Es decir –eso explica también Benito- se promueve más el desarrollo del establishment político (el “cómo compiten» y sacan provecho de ello las élites políticas) en detrimento del establishment institucional (el «cómo colaboran» en beneficio de la colectividad).


Pero ¿de dónde viene la idea de convenir a puertas cerradas? Aunque esa es una conducta natural muy antigua, en el contexto de nuestro presente nacional tiene una causa y explicación puntual.

Los liberales y los conservadores, históricamente de esquinas opuestas y negados a transigir sus principios, cuando vieron acabado el Frente Nacional (acuerdo político que con saña criminal limitó la participación ciudadana para que en las contiendas políticas únicamente compitieran los partidos liberal y conservador) continuaron transando a puertas cerradas estrategias para mantener lo plantado de fondo en el mentado acuerdo, como era que la izquierda y las fuerzas políticas afines -que no el temor a un golpe militar como argumentaron sus promotores- carecieran de opciones legales para llegar al poder.

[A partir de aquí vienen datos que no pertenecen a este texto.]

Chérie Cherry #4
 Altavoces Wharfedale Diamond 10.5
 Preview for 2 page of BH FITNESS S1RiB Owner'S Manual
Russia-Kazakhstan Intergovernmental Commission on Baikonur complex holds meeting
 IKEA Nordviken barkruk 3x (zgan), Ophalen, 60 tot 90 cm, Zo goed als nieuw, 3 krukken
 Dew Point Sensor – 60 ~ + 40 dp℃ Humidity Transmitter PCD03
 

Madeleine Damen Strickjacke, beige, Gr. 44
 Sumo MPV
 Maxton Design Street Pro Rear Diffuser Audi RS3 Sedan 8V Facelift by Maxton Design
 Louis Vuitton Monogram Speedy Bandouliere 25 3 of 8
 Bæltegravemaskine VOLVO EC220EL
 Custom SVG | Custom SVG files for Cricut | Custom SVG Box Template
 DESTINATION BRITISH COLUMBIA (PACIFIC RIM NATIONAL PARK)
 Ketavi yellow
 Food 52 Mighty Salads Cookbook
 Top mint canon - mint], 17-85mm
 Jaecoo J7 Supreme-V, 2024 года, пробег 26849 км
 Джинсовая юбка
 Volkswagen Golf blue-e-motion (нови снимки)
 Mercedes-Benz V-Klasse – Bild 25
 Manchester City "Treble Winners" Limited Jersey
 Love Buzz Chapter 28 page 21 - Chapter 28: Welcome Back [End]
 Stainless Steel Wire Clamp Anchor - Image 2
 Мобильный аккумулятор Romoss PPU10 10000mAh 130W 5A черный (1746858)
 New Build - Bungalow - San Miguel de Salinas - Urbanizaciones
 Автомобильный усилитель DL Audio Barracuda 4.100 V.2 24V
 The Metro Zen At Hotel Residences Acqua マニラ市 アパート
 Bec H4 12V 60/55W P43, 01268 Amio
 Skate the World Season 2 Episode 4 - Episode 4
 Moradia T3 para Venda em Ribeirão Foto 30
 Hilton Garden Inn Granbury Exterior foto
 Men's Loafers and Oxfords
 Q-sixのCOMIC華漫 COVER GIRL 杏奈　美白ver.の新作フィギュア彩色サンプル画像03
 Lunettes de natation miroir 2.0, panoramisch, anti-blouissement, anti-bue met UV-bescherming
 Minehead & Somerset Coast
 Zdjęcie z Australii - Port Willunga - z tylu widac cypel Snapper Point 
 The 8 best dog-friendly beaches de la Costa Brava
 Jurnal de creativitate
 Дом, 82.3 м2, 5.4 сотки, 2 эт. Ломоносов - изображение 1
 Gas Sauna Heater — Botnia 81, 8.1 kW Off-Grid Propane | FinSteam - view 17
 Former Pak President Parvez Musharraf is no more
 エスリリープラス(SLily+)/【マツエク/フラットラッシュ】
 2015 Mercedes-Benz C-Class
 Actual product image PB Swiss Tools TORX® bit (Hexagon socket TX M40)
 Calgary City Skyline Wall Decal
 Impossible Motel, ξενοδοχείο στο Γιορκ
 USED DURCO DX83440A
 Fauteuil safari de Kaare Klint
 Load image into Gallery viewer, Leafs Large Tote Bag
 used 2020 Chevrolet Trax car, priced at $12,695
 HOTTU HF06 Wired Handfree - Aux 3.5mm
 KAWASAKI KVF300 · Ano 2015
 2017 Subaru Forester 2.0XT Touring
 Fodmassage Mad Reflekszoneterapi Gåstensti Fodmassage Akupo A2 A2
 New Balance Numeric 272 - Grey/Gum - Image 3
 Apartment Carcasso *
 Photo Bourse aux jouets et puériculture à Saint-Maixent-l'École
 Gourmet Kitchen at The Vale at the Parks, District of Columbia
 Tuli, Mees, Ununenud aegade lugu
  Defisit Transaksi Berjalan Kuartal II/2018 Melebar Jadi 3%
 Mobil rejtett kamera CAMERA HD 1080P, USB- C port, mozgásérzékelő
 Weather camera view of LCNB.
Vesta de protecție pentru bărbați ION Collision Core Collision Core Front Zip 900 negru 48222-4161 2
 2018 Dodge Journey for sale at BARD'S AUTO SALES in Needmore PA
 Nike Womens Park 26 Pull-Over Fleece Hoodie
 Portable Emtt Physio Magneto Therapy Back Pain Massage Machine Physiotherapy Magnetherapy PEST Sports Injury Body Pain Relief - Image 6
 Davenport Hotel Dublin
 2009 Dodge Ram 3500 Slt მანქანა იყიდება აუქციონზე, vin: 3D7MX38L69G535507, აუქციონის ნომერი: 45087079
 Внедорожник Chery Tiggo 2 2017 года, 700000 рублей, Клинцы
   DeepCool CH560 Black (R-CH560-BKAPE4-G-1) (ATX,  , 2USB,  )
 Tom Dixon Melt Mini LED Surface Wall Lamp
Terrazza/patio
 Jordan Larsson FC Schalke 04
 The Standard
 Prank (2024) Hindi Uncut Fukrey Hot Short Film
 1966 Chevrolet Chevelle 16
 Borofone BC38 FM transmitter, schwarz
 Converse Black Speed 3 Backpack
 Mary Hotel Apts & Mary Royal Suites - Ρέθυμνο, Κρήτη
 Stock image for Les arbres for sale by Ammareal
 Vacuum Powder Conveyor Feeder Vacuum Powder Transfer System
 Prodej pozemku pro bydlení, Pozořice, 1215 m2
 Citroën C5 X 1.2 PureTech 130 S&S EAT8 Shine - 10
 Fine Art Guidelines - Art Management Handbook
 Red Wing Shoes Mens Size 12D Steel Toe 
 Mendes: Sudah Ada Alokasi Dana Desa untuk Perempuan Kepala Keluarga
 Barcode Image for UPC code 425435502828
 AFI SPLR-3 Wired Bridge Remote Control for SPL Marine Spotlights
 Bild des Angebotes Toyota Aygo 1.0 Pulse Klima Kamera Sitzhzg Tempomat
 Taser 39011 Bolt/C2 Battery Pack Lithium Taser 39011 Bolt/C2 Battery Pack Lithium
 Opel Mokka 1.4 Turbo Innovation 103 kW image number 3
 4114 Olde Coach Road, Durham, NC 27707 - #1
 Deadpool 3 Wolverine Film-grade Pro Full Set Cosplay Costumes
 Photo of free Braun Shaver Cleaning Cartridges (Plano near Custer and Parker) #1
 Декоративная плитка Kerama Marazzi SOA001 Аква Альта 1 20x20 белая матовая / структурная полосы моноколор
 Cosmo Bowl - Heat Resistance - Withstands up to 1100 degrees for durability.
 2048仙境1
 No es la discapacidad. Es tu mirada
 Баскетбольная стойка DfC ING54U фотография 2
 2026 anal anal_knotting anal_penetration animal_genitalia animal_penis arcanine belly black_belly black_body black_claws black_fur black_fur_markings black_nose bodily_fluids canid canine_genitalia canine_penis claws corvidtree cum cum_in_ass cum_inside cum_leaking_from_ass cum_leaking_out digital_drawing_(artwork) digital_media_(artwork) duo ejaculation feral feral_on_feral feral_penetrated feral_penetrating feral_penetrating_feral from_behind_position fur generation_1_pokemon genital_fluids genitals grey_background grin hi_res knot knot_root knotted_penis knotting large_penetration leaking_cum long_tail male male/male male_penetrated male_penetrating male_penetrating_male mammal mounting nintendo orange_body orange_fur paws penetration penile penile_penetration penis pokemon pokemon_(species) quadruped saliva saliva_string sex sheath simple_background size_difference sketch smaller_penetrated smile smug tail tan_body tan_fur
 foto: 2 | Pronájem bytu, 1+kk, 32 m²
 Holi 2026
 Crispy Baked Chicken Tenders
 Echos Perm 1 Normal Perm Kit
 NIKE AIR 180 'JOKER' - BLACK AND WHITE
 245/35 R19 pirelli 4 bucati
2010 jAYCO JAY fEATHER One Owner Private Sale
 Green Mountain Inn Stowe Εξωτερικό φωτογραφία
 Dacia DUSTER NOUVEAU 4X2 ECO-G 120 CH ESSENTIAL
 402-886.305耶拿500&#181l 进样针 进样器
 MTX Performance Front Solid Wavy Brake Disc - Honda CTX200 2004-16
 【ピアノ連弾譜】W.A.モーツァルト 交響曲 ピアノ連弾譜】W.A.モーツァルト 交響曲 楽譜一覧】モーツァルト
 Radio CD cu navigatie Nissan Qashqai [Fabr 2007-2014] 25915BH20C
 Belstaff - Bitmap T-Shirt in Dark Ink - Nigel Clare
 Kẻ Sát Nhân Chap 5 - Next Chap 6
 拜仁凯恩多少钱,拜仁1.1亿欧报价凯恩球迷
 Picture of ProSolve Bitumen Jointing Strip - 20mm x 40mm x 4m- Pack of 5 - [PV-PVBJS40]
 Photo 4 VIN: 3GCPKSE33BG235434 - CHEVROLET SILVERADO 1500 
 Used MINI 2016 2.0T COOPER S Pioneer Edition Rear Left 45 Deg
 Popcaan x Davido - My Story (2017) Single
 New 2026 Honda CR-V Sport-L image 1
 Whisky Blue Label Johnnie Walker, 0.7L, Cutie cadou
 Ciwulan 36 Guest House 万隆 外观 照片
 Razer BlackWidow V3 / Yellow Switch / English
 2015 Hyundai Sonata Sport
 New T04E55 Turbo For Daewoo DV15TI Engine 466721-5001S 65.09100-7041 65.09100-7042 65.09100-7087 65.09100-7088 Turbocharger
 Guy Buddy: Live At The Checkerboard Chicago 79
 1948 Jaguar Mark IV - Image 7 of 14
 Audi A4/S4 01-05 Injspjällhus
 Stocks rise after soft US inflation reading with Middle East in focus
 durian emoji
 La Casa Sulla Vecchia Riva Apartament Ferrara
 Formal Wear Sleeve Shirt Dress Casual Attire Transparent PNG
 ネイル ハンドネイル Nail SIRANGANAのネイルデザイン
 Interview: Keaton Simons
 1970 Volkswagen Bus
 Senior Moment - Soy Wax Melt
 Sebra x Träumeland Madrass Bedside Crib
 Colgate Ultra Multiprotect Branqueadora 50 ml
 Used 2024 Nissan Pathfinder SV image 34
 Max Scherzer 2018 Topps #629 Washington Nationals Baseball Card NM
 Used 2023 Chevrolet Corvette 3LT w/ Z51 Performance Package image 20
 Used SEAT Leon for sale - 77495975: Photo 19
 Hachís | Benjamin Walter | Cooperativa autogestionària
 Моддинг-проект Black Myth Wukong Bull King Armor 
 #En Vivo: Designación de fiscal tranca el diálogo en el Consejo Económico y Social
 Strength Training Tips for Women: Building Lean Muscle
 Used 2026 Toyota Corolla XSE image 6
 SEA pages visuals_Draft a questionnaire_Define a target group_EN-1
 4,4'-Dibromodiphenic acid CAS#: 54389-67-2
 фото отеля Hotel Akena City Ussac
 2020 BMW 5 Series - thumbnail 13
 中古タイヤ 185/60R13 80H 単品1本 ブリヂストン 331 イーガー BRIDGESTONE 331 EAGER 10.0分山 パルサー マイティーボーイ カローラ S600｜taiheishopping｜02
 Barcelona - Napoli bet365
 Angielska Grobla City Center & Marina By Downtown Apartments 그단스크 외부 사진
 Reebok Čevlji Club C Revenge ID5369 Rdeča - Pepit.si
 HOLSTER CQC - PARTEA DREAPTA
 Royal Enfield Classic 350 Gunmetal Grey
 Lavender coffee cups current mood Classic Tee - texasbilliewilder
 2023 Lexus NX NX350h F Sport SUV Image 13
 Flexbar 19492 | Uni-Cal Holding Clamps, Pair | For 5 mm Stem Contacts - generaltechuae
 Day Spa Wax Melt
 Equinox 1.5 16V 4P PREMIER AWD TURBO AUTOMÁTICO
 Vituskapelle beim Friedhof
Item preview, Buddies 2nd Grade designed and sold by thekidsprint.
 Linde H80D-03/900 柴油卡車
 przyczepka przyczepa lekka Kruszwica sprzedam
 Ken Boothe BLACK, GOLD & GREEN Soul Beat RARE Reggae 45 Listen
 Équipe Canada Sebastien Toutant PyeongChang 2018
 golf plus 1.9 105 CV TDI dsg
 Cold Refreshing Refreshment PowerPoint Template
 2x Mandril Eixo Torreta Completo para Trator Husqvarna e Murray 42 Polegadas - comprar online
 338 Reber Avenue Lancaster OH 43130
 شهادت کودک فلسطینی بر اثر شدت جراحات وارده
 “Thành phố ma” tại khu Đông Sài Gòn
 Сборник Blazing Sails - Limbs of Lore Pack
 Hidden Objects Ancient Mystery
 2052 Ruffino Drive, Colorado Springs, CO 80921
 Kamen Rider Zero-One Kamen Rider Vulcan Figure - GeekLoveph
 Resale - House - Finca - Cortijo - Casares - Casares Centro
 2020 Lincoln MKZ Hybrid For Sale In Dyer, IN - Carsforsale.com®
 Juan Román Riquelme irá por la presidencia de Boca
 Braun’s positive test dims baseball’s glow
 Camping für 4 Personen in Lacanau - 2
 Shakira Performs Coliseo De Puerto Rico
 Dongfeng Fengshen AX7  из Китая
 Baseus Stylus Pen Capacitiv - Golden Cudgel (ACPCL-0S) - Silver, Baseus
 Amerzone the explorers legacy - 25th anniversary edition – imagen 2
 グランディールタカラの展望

No obstante, pese al fin del Frente Nacional y a la nueva Constitución del 91 -dos hechos que viabilizan la participación ciudadana y la opción democrática en las contiendas electorales- la inercia en las costumbres políticas ha conducido a estos partidos al continuismo fundado en la exclusión. Y no otra cosa ha seguido haciendo sin tregua la derecha por intermedio de los gobiernos que ha promovido e impuesto, como este último de Duque, menos legítimo que legitimado. En fin, gobiernos de una alta fidelidad a las políticas de derecha, que son capaces, como ya lo hicieron con la Unión Patriótica, de eliminar por completo a un partido de izquierda.


Por lo anterior, es apenas lógico que tales pactos -habiendo perdido legalidad el Frente Nacional- se hayan tornado en “acuerdos cerrados explícitos” (de componendas) cuando no en “acuerdos cerrados implícitos” (de hipocresías).


Este último tipo de pactos, los implícitos, suelen ser los más peligrosos; pues no requieren firmas ni palabras, y sus puertas cerradas son invisibles. Sus protagonistas suelen actuar como ya ocurrió en las elecciones de 2018 cuando luego de la primera vuelta algunas fuerzas políticas, derrotadas en sus aspiraciones presidenciales, decidieron negarle el apoyo a Gustavo Petro en la segunda vuelta; y lo hicieron argumentando con lógica obtusa -o cargada de malsanía- que tal decisión no tendría por qué favorecer a Duque, como naturalmente lo favoreció.